With the future of Maryland's new "Smart Growth" policies hinging on next week's elections, a lobbying group opposed to sprawl development is gearing up to make its voice heard in Annapolis and in county seats across the state.
1000 Friends of Maryland is modeled on a similarly named watchdog group in Oregon, which has held the line against sprawl in that state for two decades by enforcing an "urban growth boundary" around Portland.
Like the rehabilitated Baltimore canning plant in which the Maryland group held its first formal meeting Monday night, 1000 Friends is a work in progress. It has fewer than 200 members, compared with more than 5,000 for its established Oregon counterpart.
But the four-year-old Maryland coalition of architects, planners, preservationists and environmentalists is poised to grow and deliver its message that suburbia's spread will be disastrous.
"1000 Friends isn't about stopping growth," said Dru Schmidt-Perkins, the group's executive director. "We want to continue growing in Maryland, but in a way that's more cost-effective and environmentally sane."
The group contends that low-density suburban development is costing taxpayers, polluting air and water, gobbling up farms and forestland and draining the life out of cities and small towns.
Gathering in the unfinished makeover of the American Can complex in Canton, the group heard from Henry Richmond, co-founder of 1000 Friends of Oregon and a leading national anti-sprawl spokesman.
Richmond told the group that Maryland is in the forefront of the movement.
"The Maryland program is the nation's leader in attacking that first component of what causes sprawl: government funding of infrastructure," he said.
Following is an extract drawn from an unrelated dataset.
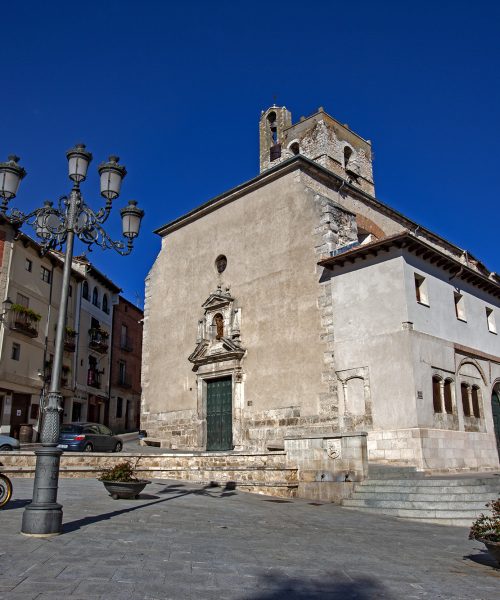 Cuellar02_Iglesia de San Miguel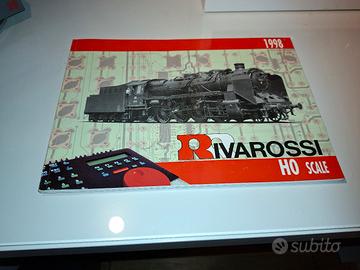Rivarossi Catalogo 1998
The new Smart Growth law, sponsored by Gov. Parris N. Glendening, directs state funds for highways, sewers and other infrastructure to existing communities.
Formed by a handful of planners and preservationists, 1000 Friends had been a small, loosely organized group that geared up last year to support Smart Growth legislation. This year, with $140,000 in grants from four local foundations, the group has hired two staff members and set up an office.
"We have healthy lifestyles here in Maryland, and we want to keep it that way," said Karen Lewand, the group's vice president, director of the Baltimore chapter of the American Institute of Architects. The president is William Eichbaum, vice president of the World Wildlife Fund and a former state environmental regulator.
Directed by Schmidt-Perkins, a veteran environmental lobbyist and former leader of Clean Water Action, the anti-sprawl group has drafted a one-page platform advocating neighborhood conservation, protection of open space and increased public transit.
Of more than 300 General Assembly candidates asked to signify their support, 26 have done so, including 18 incumbents.
Schmidt-Perkins said the platform was not intended to influence next week's elections, though growth is an issue in half of the state's counties. Rather, the document was distributed to counter political pressure from highway contractors and others with a vested interest in patterns of low-density suburban development.
Though officially nonpolitical, 1000 Friends makes no bones about its support for the legislation Glendening pushed through the General Assembly last year.
Glendening and his Republican challenger, Ellen R. Sauerbrey, were invited to speak to the group. Neither candidate showed up Monday night, but Glendening sent his Smart Growth adviser, John W. Frece, who drew cheers and rousing applause when he said, "If you really support Smart Growth, there's a good opportunity next week to show it."
Sauerbrey has said she would not seek to repeal the Smart Growth laws, including the Rural Legacy program for buying open space, but sees little merit in them. She contends that reduced crime and improved schools, rather than limits on suburban development, would induce more people to live in cities.
"Her record from 16 years in the House of Delegates looks pretty clear," said Schmidt-Perkins. "What I do know is we have in office a person responsible for several pieces of landmark [land use] legislation. It would be a shame to lose that and that momentum we have built up."